2025 AIChE Annual Meeting

(679g) The Objective Reduction Community Algorithm (ORCA)

Authors

Hongxuan Wang - Presenter, University of Michigan
Andrew Allman, University of Michigan
Many-objective optimization problems (MaOPs), particularly those involving four or more objectives, inherently appear in decision making for sustainable process systems but present significant challenges in computation and decision-making due to the high dimensionality of the objective space. The resulting high dimensional Pareto frontier is challenging to visualize and interpret [1], while generating a Pareto frontier using rigorous methods such as weighted sum and epsilon constraint approaches is prohibitive due to the number of single objective problems to solve scaling exponentially with objective dimensionality. To address this, we have developed a novel algorithm capable of systematically reducing the objective dimensionality of both mixed-integer linear and nonlinear MaOPs [2], which we call the Objective Reduction Community Algorithm (ORCA). For linear MaOPs, derivatives of objectives are projected onto the constraint surfaces of the problem. Strength of interaction is defined as the inner product of the projected vectors and a weighted sum of the interaction strengths over all constraints is used is used to determine the total objective correlation strength. For nonlinear problems, we extend this approach using an outer approximation-like method to generate linearized constraint surfaces. We strategically sample the region most likely to be active in determining the Pareto frontier by generating new linearization points using steps within the cone of objective gradients, converting the original nonlinear problem and to a linear problem. Objective correlation strengths are embedded as edge weights in a graph where each objective function is a node. Community detection is used on this graph to reduce objective dimensionality by identifying groupings of objectives whereby all objectives in the same group are correlated, while objectives in different groups are competing.

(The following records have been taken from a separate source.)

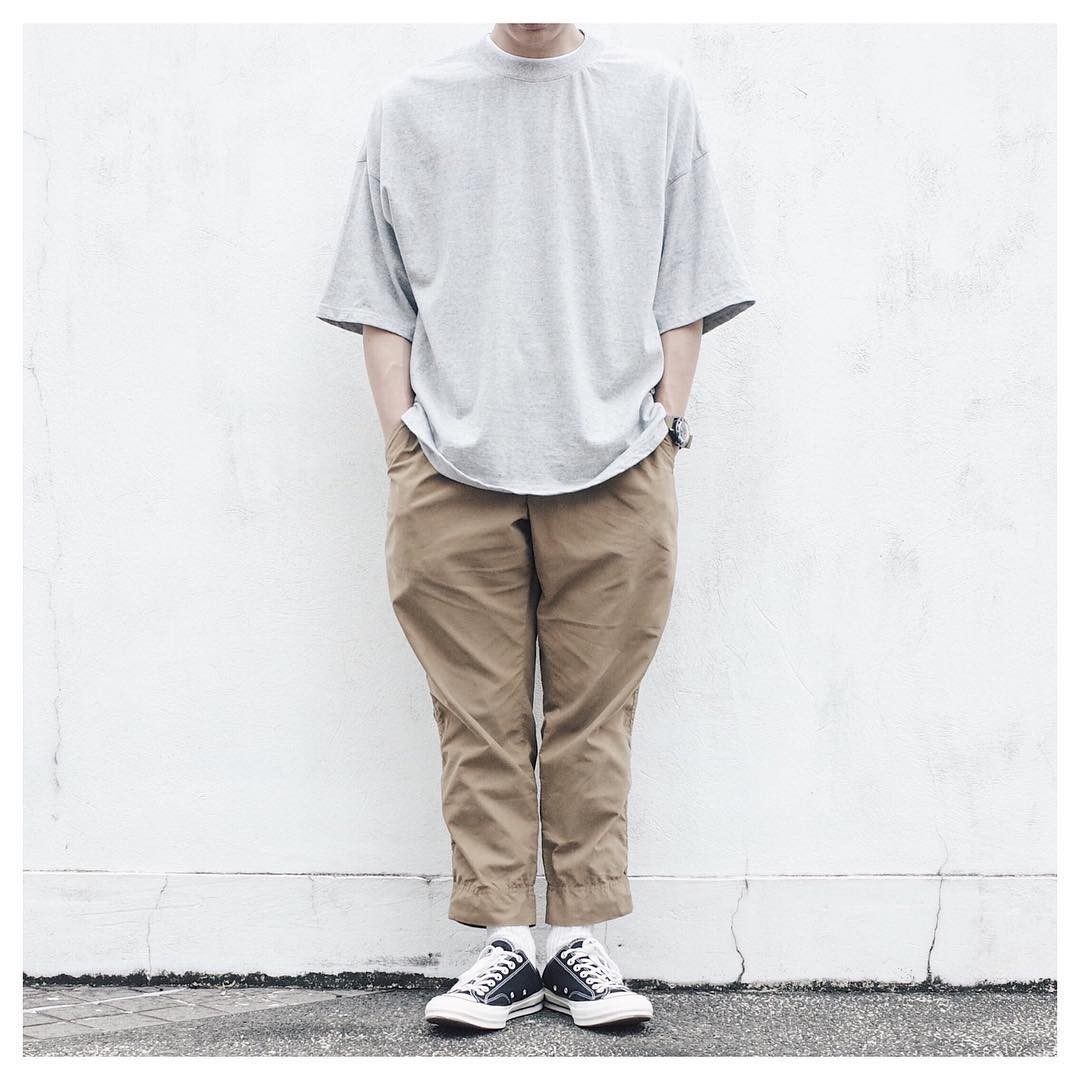 过年出街新鞋,新鞋一穿出街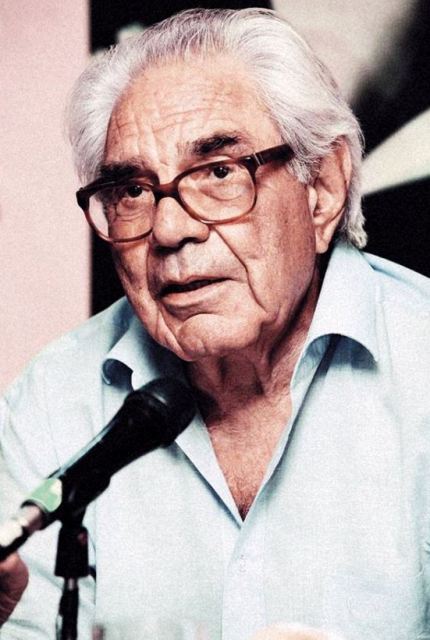 Τετάρτη 23 Οκτωβρίου 2013, ο κ. Γιώργος Κασιμάτης - Συνταγματολόγος και Καθηγητής στο Πανεπιστήμιο Αθηνών, ξανά κοντά μας σε μια εξαιρετικά σημαντική ομιλία του με θέμα, "Ανάλυση της σύγχρονης κρίσης", στον Πολυχώρο Cafe Αίτιον στην Αθήνα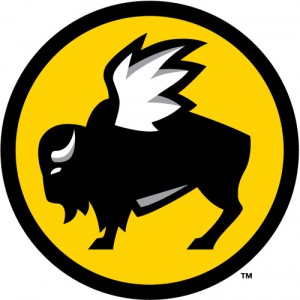 Buffalo-wild-wings-logo-300x300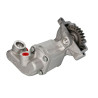 Hydrauliczna pompa zębata D4NN600B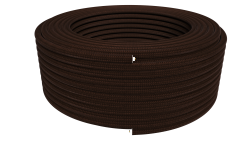 Round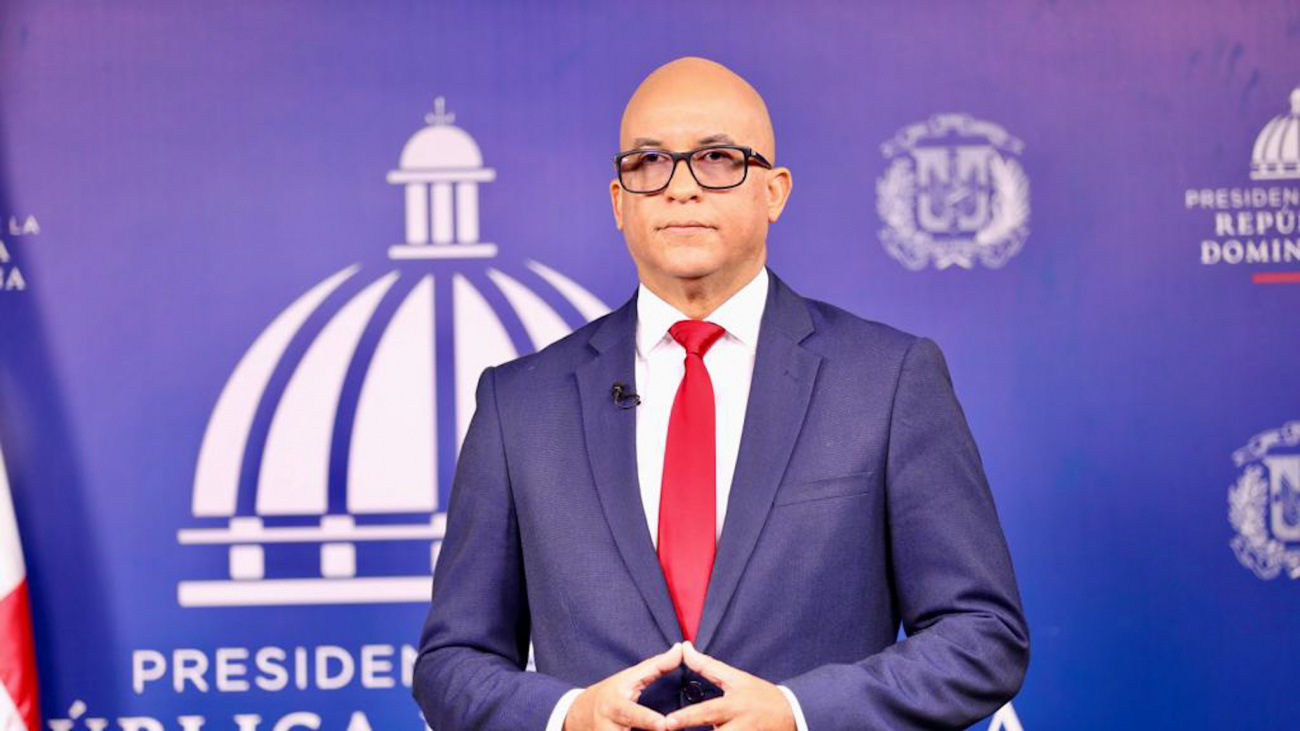 En las 14 provincias del Cibao la mayoría de los comercios abrieron sus puertas y todo está en calma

To enhance its accessibility and impact, we are developing an open-source package in Julia and Python named ORCA. This tool will enable users to define the variables, constraints, and objectives within their MaOP of interest and automatically apply our dimensionality reduction algorithm to determine two or three groups of objectives, which can then form the basis of a solvable and interpretable multi-objective optimization problem with minimal tradeoff information loss. Designed to integrate with existing optimization workflows (JuMP and Pyomo), ORCA empowers practitioners and researchers to effectively interpret the tradeoffs between many sustainability objectives. We conclude the talk by discussing a few examples of the successful application of ORCA. For example, ORCA has been used to analyze the competing or correlated nature of cost and emissions objectives in green ammonia production [3]. It has also identified the objective groupings in process design problems [4] and elucidated relationships between planetary boundaries in hydrogen supply chain optimization, providing insights into maintaining sustainable indices.

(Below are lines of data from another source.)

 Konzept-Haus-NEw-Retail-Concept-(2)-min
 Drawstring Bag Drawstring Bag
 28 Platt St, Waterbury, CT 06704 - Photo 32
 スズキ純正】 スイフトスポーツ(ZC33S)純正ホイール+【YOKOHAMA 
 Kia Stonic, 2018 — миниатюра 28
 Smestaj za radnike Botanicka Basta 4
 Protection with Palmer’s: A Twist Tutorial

[1] de Freitas, A. R., Fleming, P. J., & Guimaraes, F. G. (2015). Aggregation trees for visualization and dimension reduction in many-objective optimization. Information Sciences, 298, 288-314.

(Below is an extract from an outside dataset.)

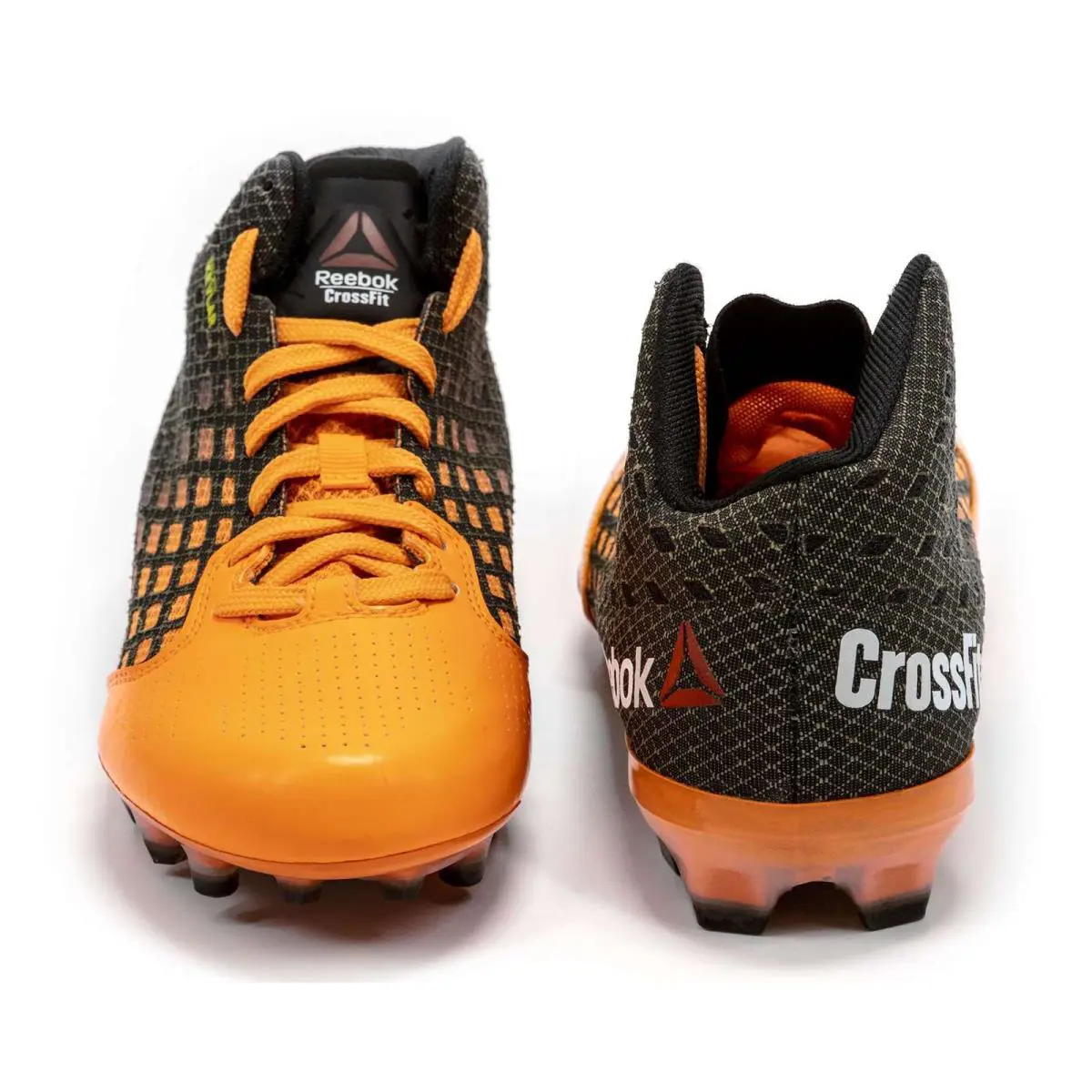Reebok shoes - Reebok CrossFit - CrossFit - Multi Color 2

[2] Russell, Justin M., and Andrew Allman. "Sustainable decision making for chemical process systems via dimensionality reduction of many objective problems." AIChE Journal 69.2 (2023): e17962.

[3] Wang, H., & Allman, A. (2024). Analysis of the correlating or competing nature of cost-driven and emissions-driven demand response. Computers & Chemical Engineering, 181, 108520.

[4] Wang, H., & Allman, A. Dimensionality Reduction in Optimal Process Design with Many Uncertain Sustainability Objectives. Syst. Control Trans, 3, 920-926.